[Captioned web images]
--- START ---
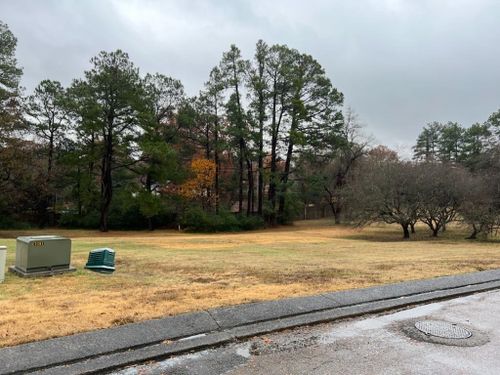 1308 Heron Oaks Cv, Memphis, TN, 38120-3240 | Card Image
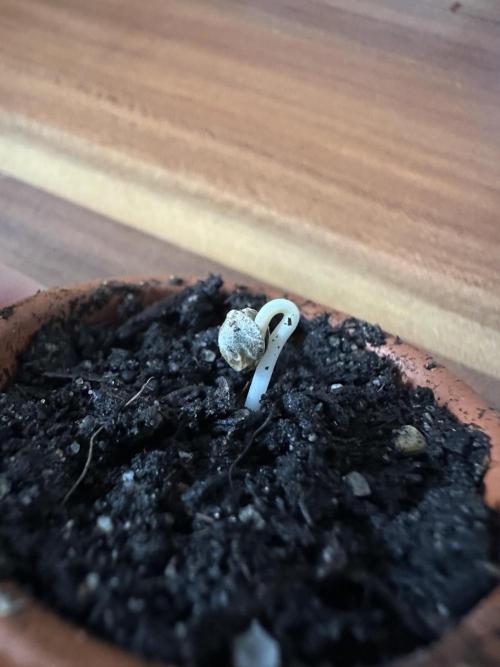Super Boof Cherry FF (Miley) GoodGenetix. Week 0 - After 60 Hours in the dark Greenhouse, Miley is born with hat. 🤭🤣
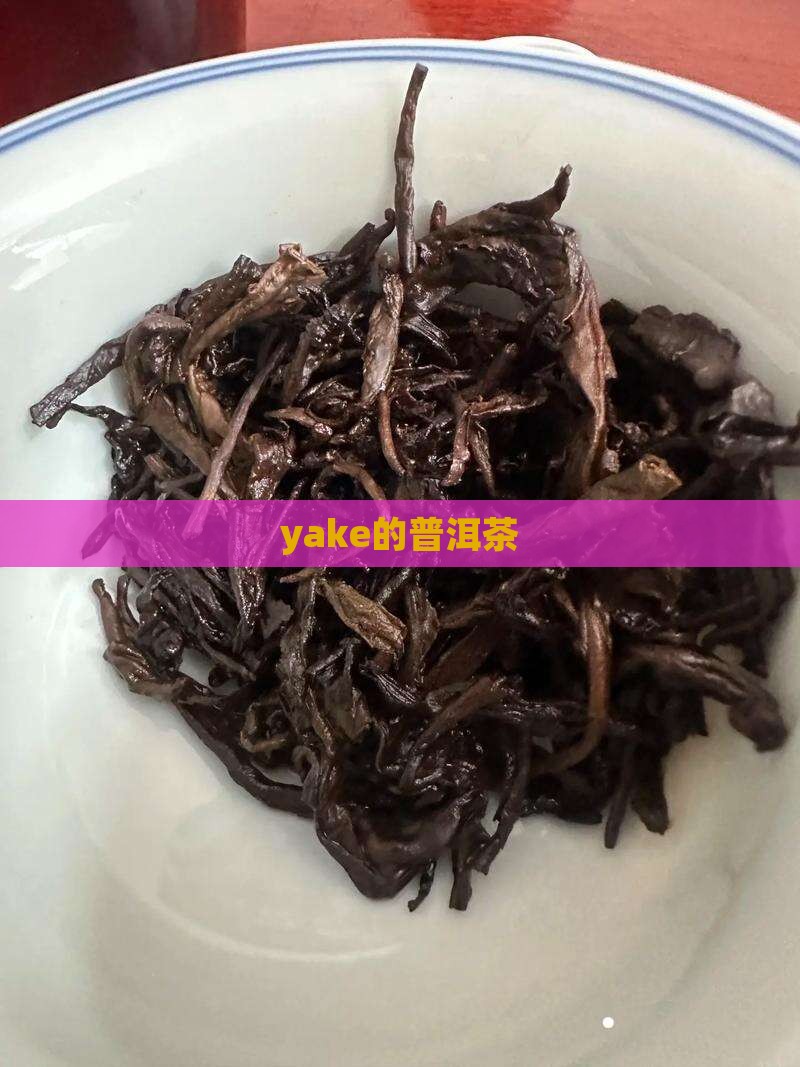 yake的普洱茶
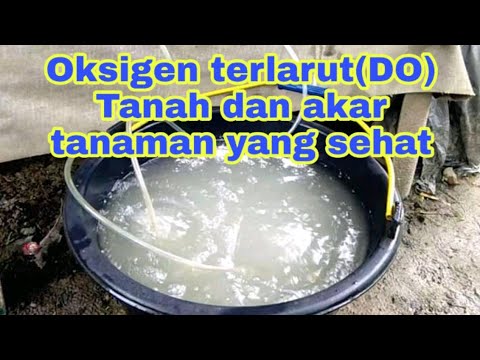 Video: Adakah tumbuhan akan mengoksidakan air?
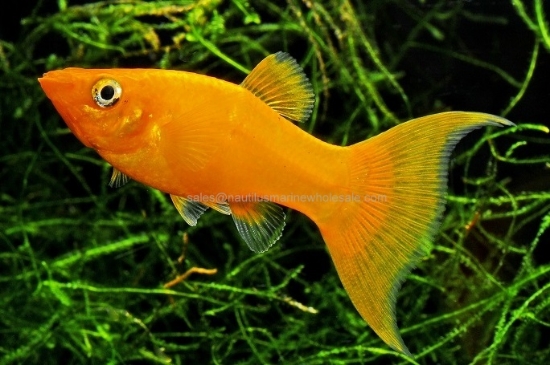 Picture of MOLLY: SPHENOPS GOLD L/T FW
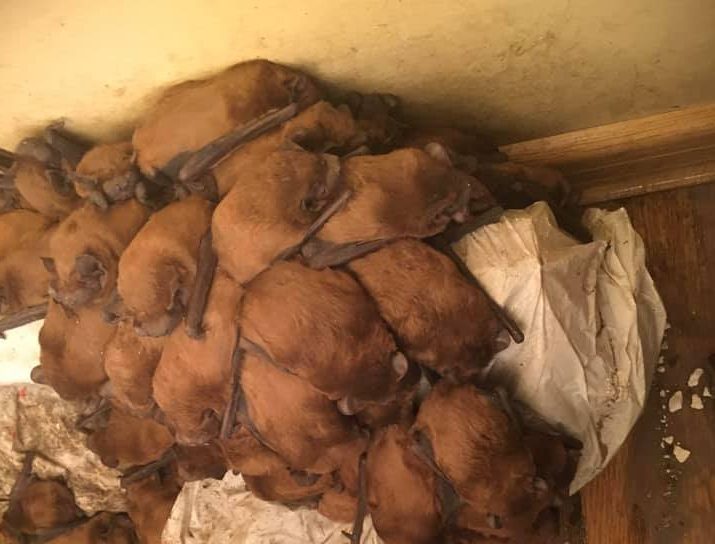 Запорожская зоозащитница спасла полтысячи летучих мышей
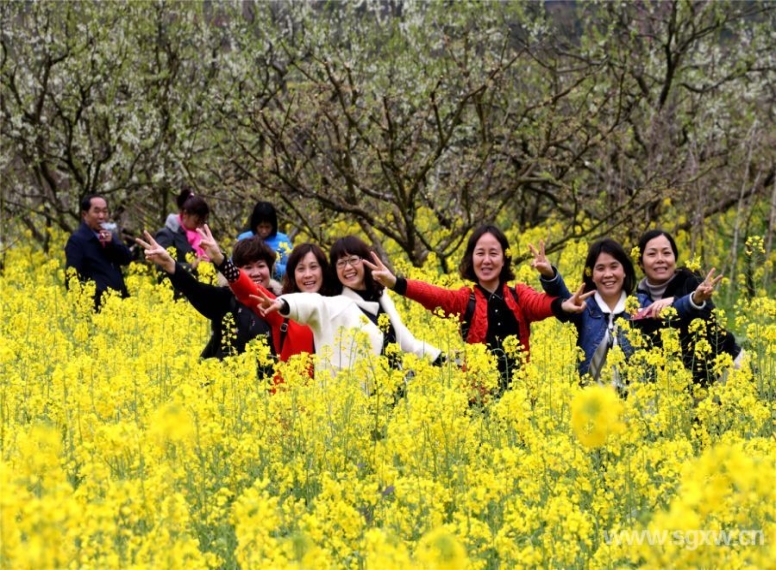 花海吸引無數(shù)游客到來。 張偉 攝.jpg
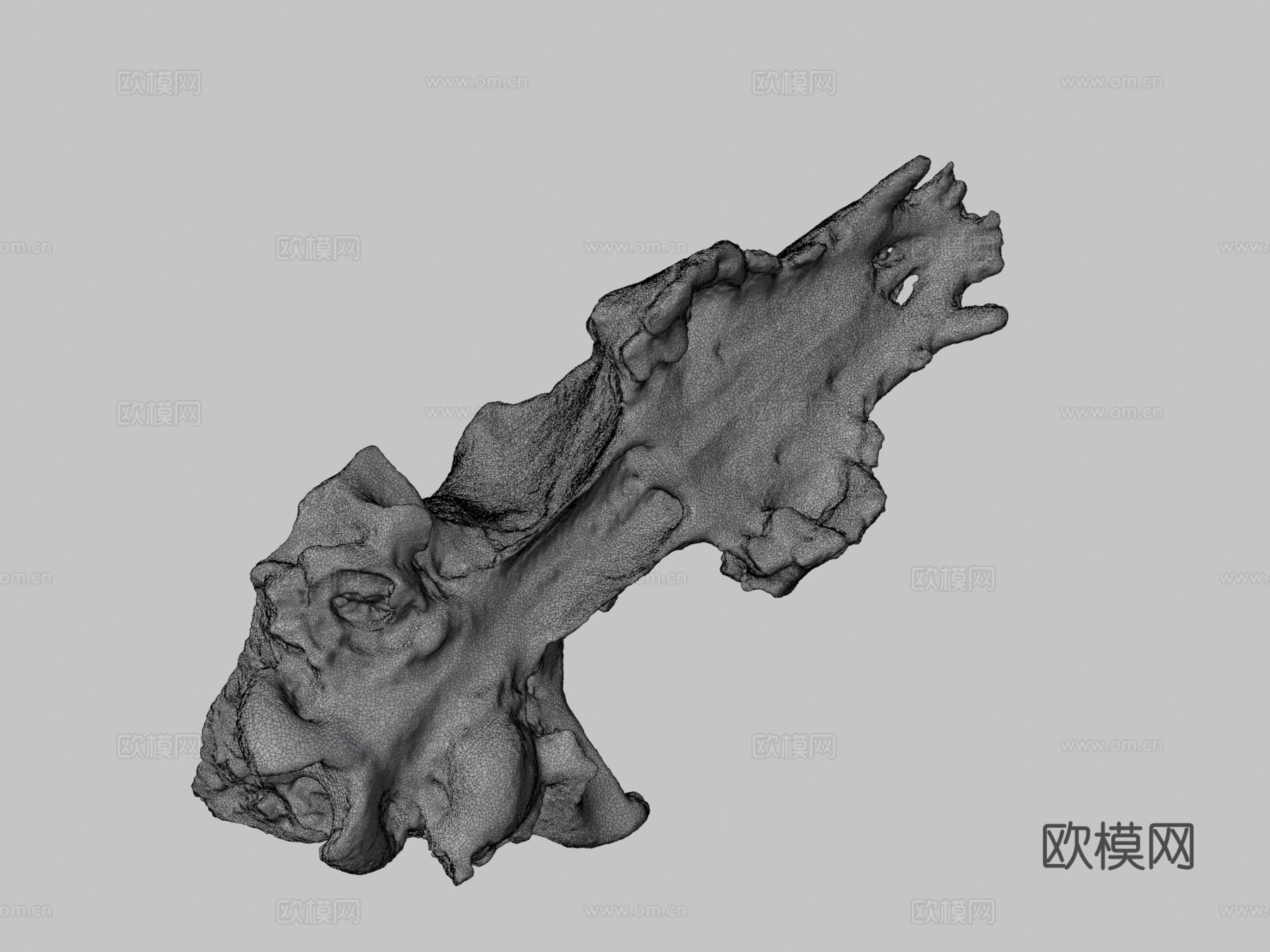 莱斯顿修道院发现2013-犬类头骨3d模型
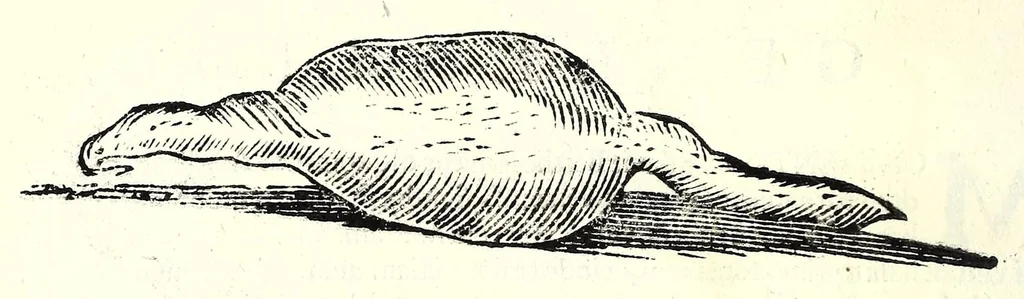 An illustration from Vlyssis Aldrouandi patricii Bononiensis Serpentum et draconu[m] historiae libri duo, 1640, leaf 378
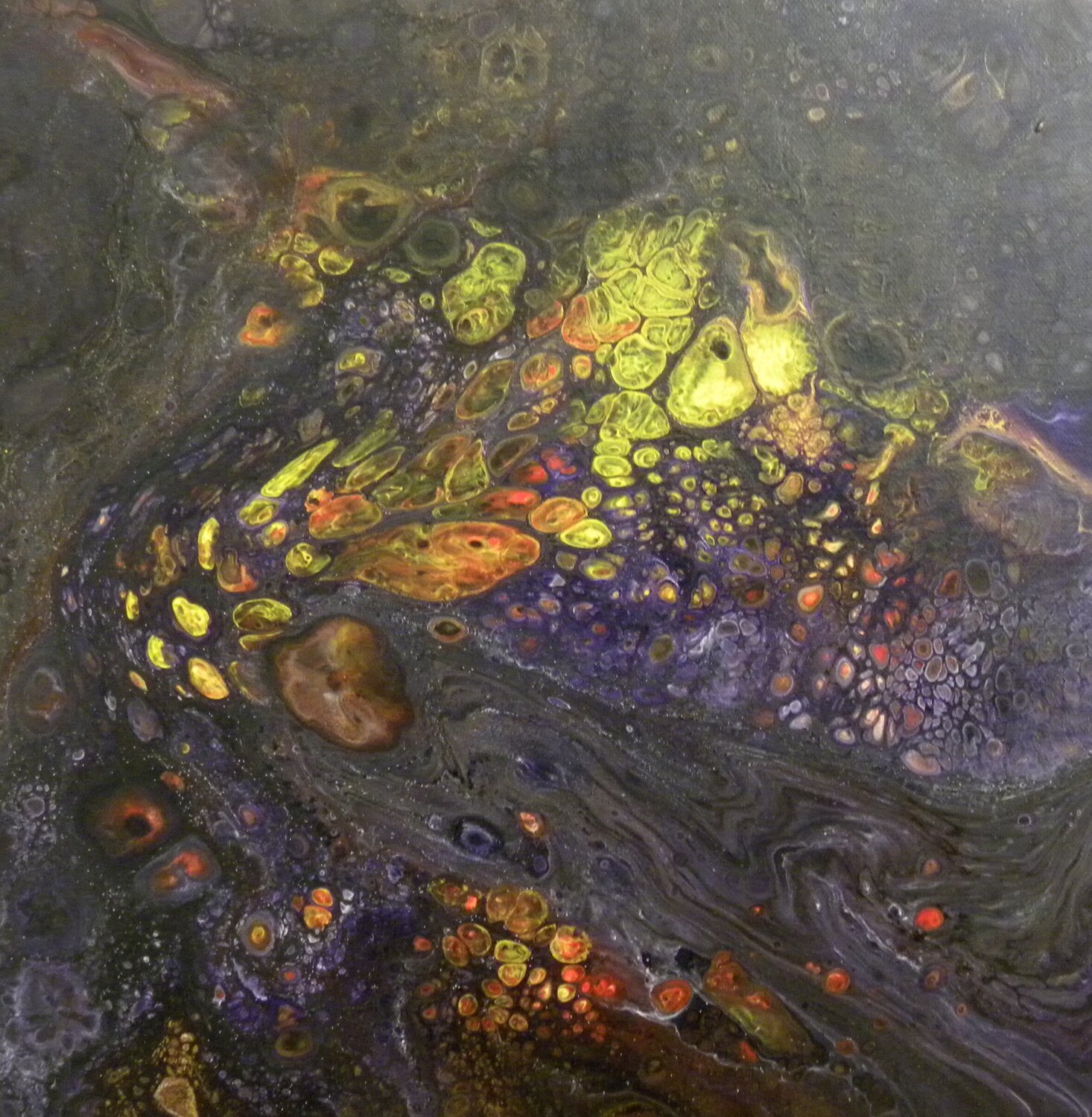 COLORS - 16019 Nicola Morea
--- END ---
▶ _DESCRIPTION OF THE TASK_:
Only the lines from the one that contains "Video: Adakah tumbuhan" through the last line of the records may appear in the answer, retyped exactly and with no pictures.

▶ _RESPONSE BELOW_:
 Video: Adakah tumbuhan akan mengoksidakan air?
 Picture of MOLLY: SPHENOPS GOLD L/T FW
 Запорожская зоозащитница спасла полтысячи летучих мышей
 花海吸引無數(shù)游客到來。 張偉 攝.jpg
 莱斯顿修道院发现2013-犬类头骨3d模型
 An illustration from Vlyssis Aldrouandi patricii Bononiensis Serpentum et draconu[m] historiae libri duo, 1640, leaf 378
 COLORS - 16019 Nicola Morea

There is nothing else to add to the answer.